Goal of the exercise: Without copying any picture, transcribe exactly the lines of the data below from the one containing "Laser rotatif GRL" through the one containing "Plush Mew Bag Charm or Keychain - Etsy".

Dataset extract:
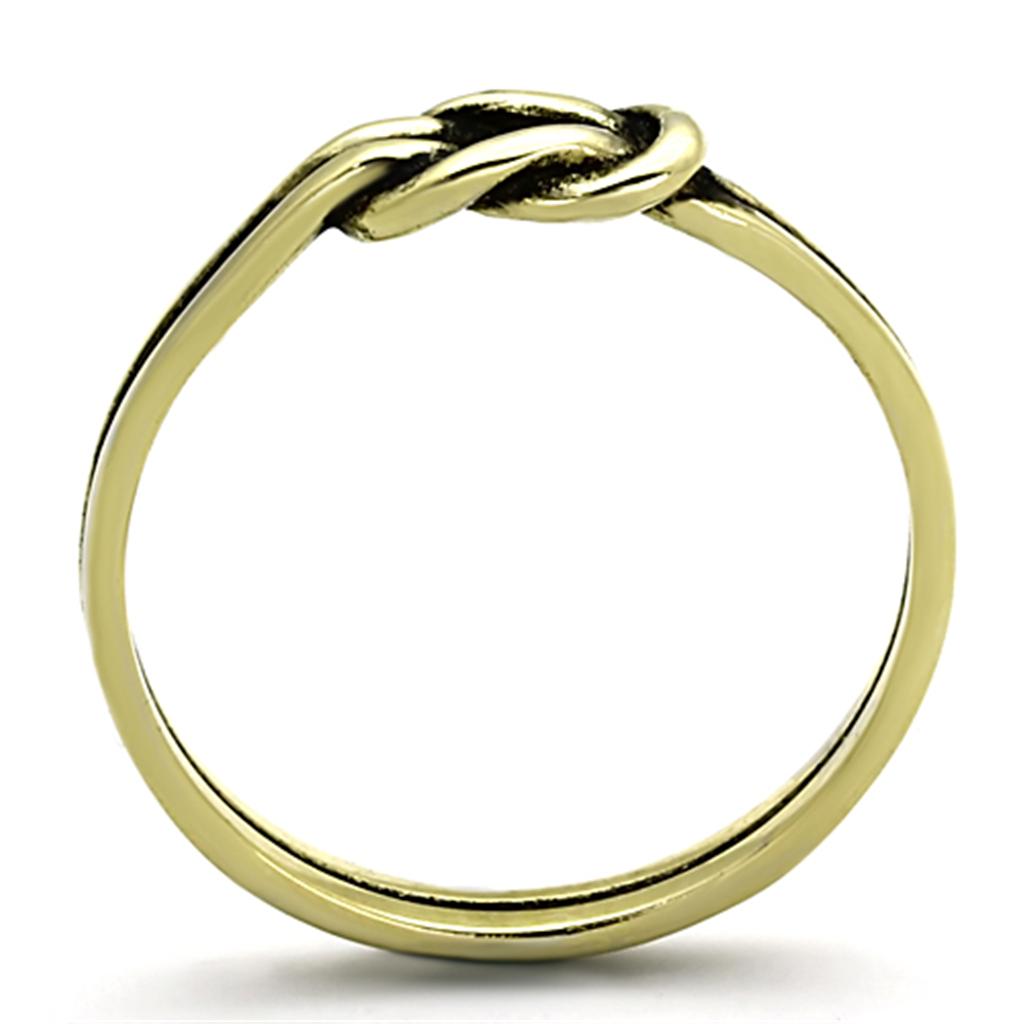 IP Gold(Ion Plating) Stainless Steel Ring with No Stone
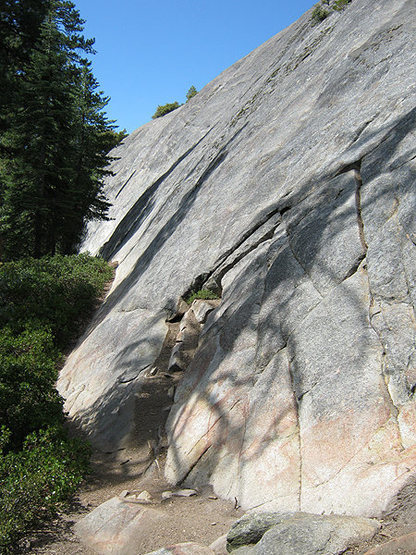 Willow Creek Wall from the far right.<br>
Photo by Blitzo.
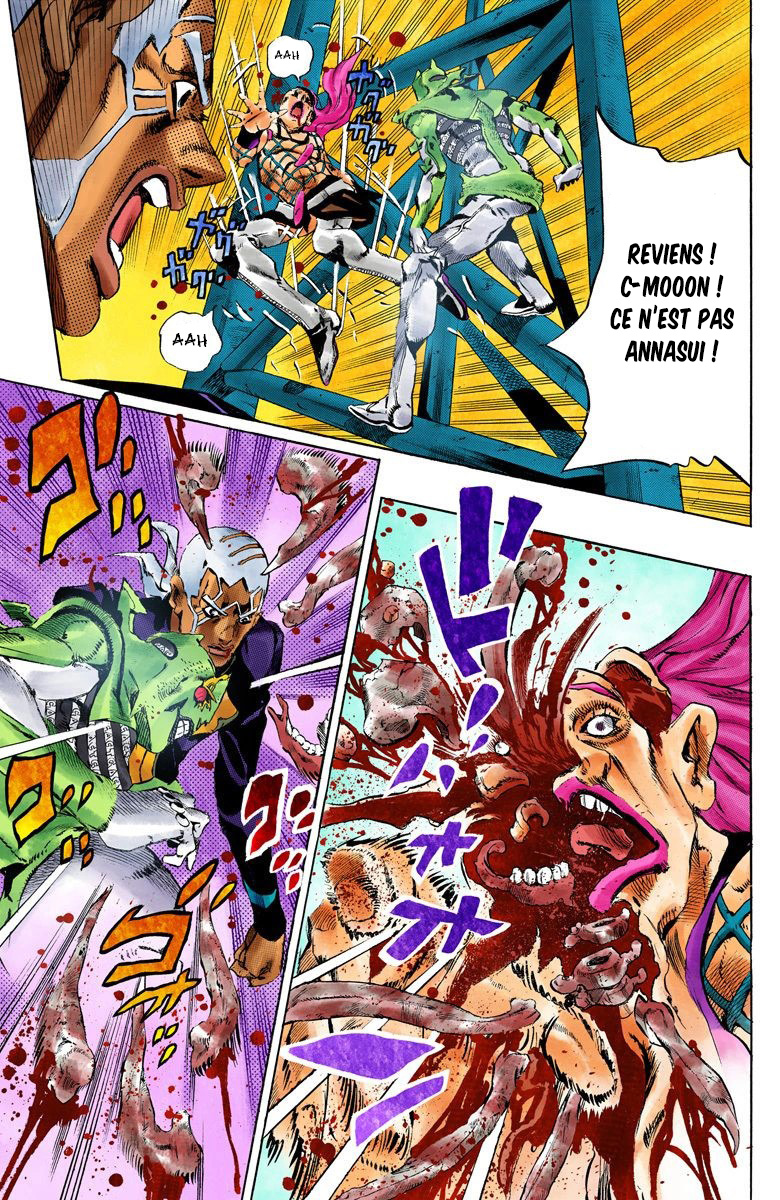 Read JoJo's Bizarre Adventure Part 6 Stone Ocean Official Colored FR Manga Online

* * *

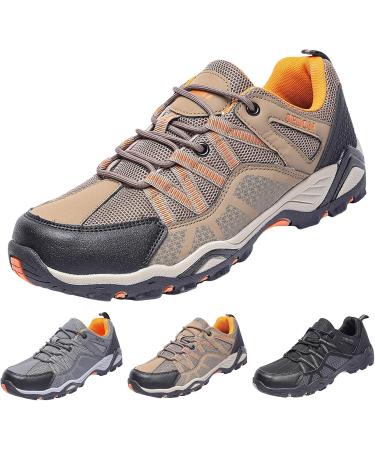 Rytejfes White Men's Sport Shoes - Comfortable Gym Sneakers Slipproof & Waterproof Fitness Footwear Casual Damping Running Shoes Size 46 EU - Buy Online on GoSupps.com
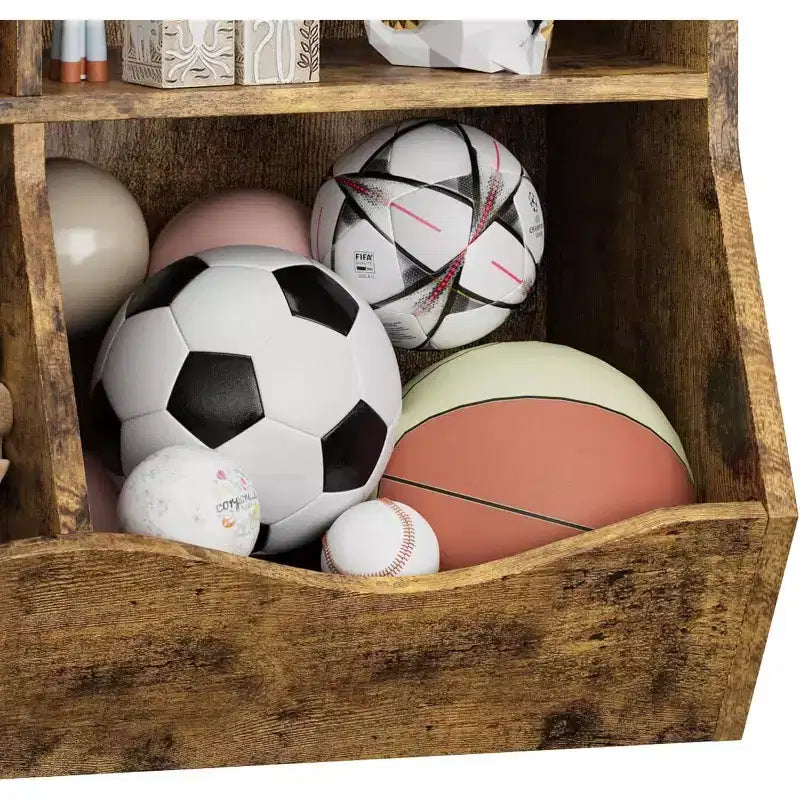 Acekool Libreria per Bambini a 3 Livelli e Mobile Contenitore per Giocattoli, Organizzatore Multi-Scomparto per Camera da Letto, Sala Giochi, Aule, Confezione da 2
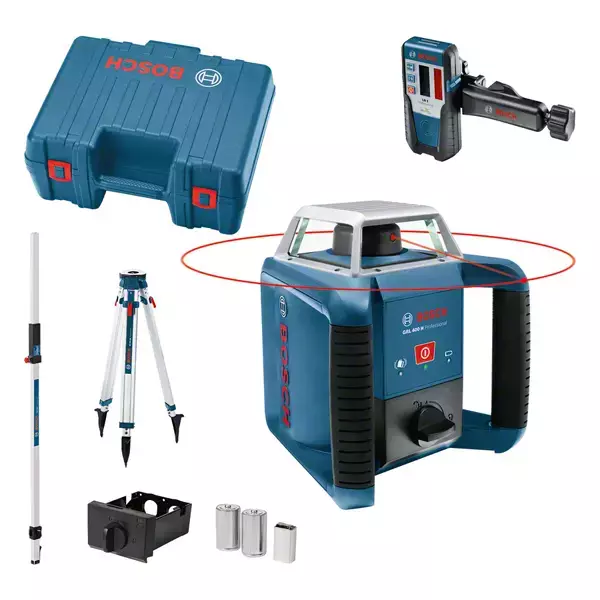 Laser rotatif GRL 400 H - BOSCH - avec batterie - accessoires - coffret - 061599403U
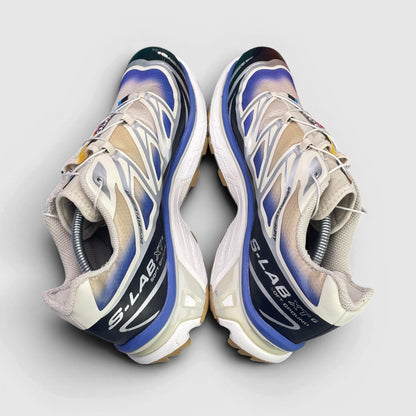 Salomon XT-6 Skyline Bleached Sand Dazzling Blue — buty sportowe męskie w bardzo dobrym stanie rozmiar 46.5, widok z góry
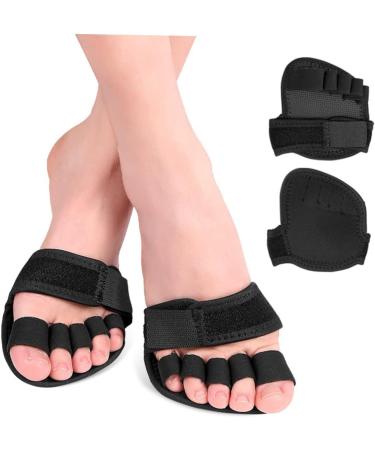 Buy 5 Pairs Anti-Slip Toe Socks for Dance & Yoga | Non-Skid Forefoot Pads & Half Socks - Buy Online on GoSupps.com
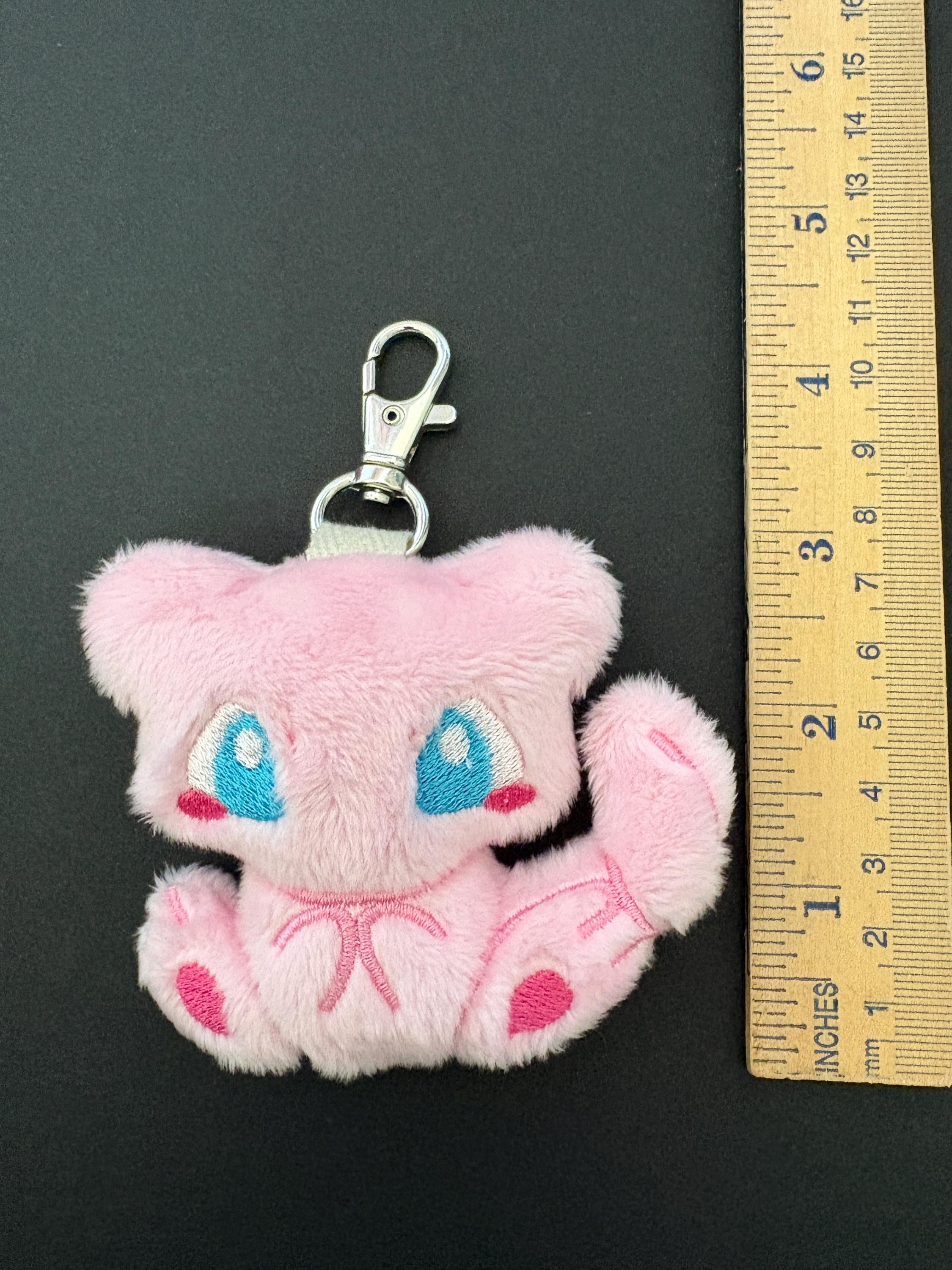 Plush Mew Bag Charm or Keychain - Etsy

Written answer:
 Laser rotatif GRL 400 H - BOSCH - avec batterie - accessoires - coffret - 061599403U
 Salomon XT-6 Skyline Bleached Sand Dazzling Blue — buty sportowe męskie w bardzo dobrym stanie rozmiar 46.5, widok z góry
 Buy 5 Pairs Anti-Slip Toe Socks for Dance & Yoga | Non-Skid Forefoot Pads & Half Socks - Buy Online on GoSupps.com
 Plush Mew Bag Charm or Keychain - Etsy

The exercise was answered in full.